Archaeology Grad Students Win Ethics Bowl

From left to right: Alberto Ortiz Brito, Gertrude Kilgore, Elizabeth Straub (holding the Ethics Bowl trophy), Gabriela Montero Mejía, Daniel Vallejo-Cáliz, and Scott Hutson.
(Left to right) Alberto Ortiz Brito, Gertrude Kilgore, Elizabeth Straub (holding the Ethics Bowl trophy), Gabriela Montero Mejía, Daniel Vallejo-Cáliz and Scott Hutson.

LEXINGTON, Ky. (May 14, 2019) Five graduate students at the University of Kentucky have been named champions of the Ethics Bowl Competition. Last month, the team claimed the first place prize at the Society for American Archaeology's (SAA) annual conference in Albuquerque, New Mexico. UK was making its first appearance in the competition, which has been held for 15 years.

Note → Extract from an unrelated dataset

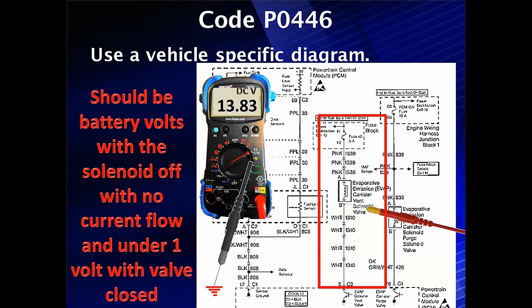We're going to take our vehicle-specific diagram, like we always use, and go to the control side — which is terminal B, the white wire, in this specific diagram. We should see battery voltage with the solenoid off and no current flow. We're going to use current flow because a shorted control circuit will have current flow, and it should be under 1 volt with the solenoid in the on position.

In recent years, archaeologists have been confronted with a range of ethical issues. How the next generation of scholars chooses to address these challenges will define the field. In 2004, the SAA inaugurated the Ethics Bowl at its annual meeting in Montreal, Canada, to help students gain a sense of moral responsibility.

The Ethics Bowl pits teams of undergraduate and graduate students from different universities in debates about ethical dilemmas archaeologists often face in today's society. Competitors are given hypothetical cases and must use their academic knowledge of various ethical guidelines, as well as their research and fieldwork experiences, to formulate and defend their solutions. Teams are graded on their responses and their handling of “curveball” questions from a panel of judges.

"By far, the most exciting part of this process was the way that students and faculty from different parts of the university joined us in lengthy conversations about ethics and gave us their wholehearted support going into the competition," Elizabeth Straub, a team member, said.

In addition to Straub, the UK team also consisted of Alberto Ortiz Brito, Daniel Vallejo-Cáliz, Gertrude Kilgore and Gabriela Montero Mejía — all of which are doctoral students in the Department of Anthropology. Scott Hutson served as faculty mentor.

To secure the win, the team debated the ethics surrounding the treatment of looted artifacts within the international archaeology community.

Ultimately, the Ethics Bowl helped each student sharpen their ethical decision-making skills. "We, as archaeologists, need to work closely with the local, host communities where we do our fieldwork. We need to focus on things like transparency, explaining to people what our work entails and what the outcomes could be," Vallejo-Cáliz said.

As part of its prize, the team received a year’s membership in the Archaeological Institute of America, as well as a cash prize from the Register of Professional Archaeologists. The team will also bring home the Ethics Bowl itself, which will be displayed in Lafferty Hall for the next year.